“Tommy Richardson is bubbling like fizz in a shaken-up soda.”
That opening sentence in a story by Dann Denny, a veteran Bloomington Herald-Times reporter, yanked me into a piece about Richardson taking a new principal’s job.
After reading the story, my thoughts turned to Jerry Miller, David Hahn and several teachers at Pipe Creek and Blair Pointe elementary schools.
I know Miller and Hahn well; I don’t know Richardson at all. But one thing is apparent to me: The three men have a stellar commonality. They are or were elementary school principals who truly made or make a crucial difference in children’s lives.
To me, elementary school principals and teachers are the most important people in youngsters’ formative years, save for their parents.
I have long felt that teachers who toil in the first six grades — when cognition, values, principles and mores take root in young lives — fill an especially critical need.
The Tommy Richardson saga revolved around him becoming the principal of Fairview Elementary School in Bloomington after teaching for five years, being an assistant principal for one, and serving for seven as principal at another elementary school, all in Monroe County — and all after owning and operating a convenience store before deciding, at 40, to become a teacher.

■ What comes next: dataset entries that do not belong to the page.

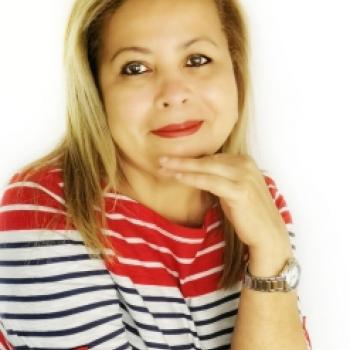 Niñera Castelldefels: Olga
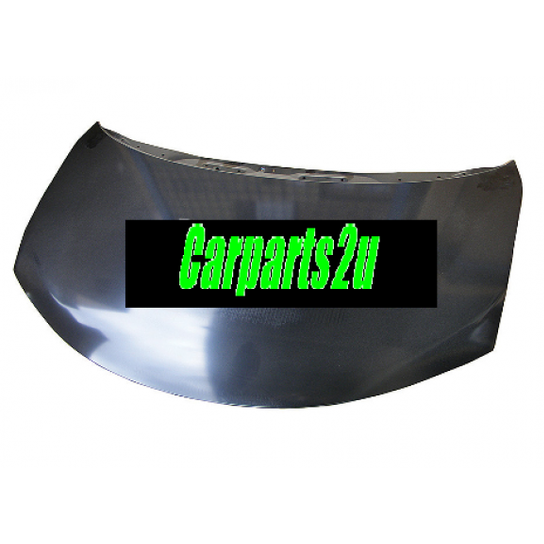 BONNET TO SUIT HONDA ODYSSEY RC WAGON 2/2014–CURRENT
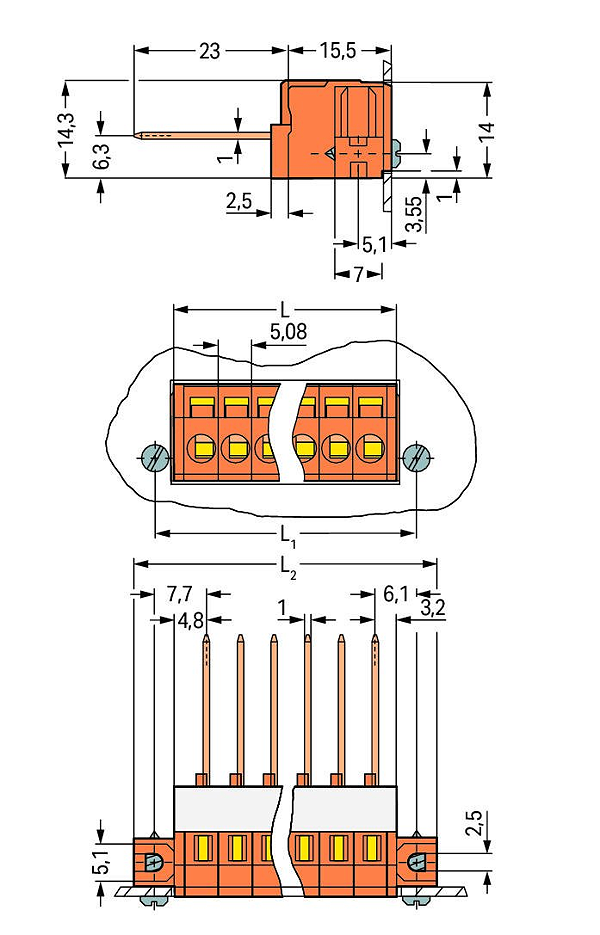 Article image 731-168/048-000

“So much of that decision was based on faith,” Richardson told Denny. “For years, I’d had the desire to serve students, but one day I finally decided to take a leap of faith. …
“I realized right away that I had found my sweet spot — working with young people. This is what I’m meant to do. The kids inspire me.”
Kids inspired Miller, too, before he retired at Pipe Creek after more than 30 years, during which, at times, he did everything — teaching, counseling, lending a hand in the cafeteria, making minor repairs — whatever it took to ensure the school hummed along with happy kids learning and dedicated teachers and staff members applying their skills.